- Code is more often read than written
- Locality is execution is important. So is locality of reference.
- The more code you touch, the more potential bugs you introduce.
- Tests can confirm the presence of bugs, not the absence of bugs.
- Keeping comments in synch with the code right next to it is nearly impossible. But it’s much more possible than keeping it anywhere else.
- Can methods be too short? Sure. But just between you and me, how often have you seen that?
- Just because they’re rows in the same database table doesn’t mean they’re the same kinds of things. (I’m not a great fan of factories — but dealing with the impedance mismatch of ORM-land is a place where they really, really belong.)

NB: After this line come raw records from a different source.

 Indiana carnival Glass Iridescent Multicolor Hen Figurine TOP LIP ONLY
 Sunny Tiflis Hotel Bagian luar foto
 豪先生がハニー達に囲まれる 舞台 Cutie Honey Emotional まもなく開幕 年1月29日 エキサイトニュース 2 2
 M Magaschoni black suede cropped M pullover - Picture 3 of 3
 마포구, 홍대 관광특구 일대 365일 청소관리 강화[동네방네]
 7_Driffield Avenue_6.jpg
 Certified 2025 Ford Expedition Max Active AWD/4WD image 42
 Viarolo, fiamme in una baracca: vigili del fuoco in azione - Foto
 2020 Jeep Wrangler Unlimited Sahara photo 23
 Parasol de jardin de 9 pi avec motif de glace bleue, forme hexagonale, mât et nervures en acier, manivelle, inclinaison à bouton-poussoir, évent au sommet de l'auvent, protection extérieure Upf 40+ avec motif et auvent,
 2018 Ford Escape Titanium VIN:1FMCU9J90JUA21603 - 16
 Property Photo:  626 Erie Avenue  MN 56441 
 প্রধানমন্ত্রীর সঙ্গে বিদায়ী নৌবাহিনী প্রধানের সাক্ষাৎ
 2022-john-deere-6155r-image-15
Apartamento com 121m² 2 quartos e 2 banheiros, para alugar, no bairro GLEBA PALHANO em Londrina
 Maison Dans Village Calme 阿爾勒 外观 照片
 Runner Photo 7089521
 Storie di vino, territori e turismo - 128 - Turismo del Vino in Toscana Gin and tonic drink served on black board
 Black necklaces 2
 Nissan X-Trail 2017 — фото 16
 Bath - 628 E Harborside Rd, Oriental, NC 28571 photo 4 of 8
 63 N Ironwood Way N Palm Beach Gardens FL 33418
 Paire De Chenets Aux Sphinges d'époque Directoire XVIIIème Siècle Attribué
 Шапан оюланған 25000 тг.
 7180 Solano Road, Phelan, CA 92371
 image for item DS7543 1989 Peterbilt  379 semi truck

- Use single assignment as much as possible. Introducing a new variable is probably cheaper than adding in the amount of reasoning necessary when reusing variables.
- Nearly any rule can be broken if the scope within which the effects can be seen is sufficiently small.
- You can tell a lot about code from how it looks from across the room.
- Write code that is easy to delete, not easy to extend. (This is one of my favorites of recent days. You should probably read it.)
- Dammit…SIMPLE!!! Don’t give the “surprising behavior” anywhere to hide!!
- Data that serves different purposes should not live together. It will cause trouble.
- Writing fearlessly does not come free. Or easy. But it can be cheap.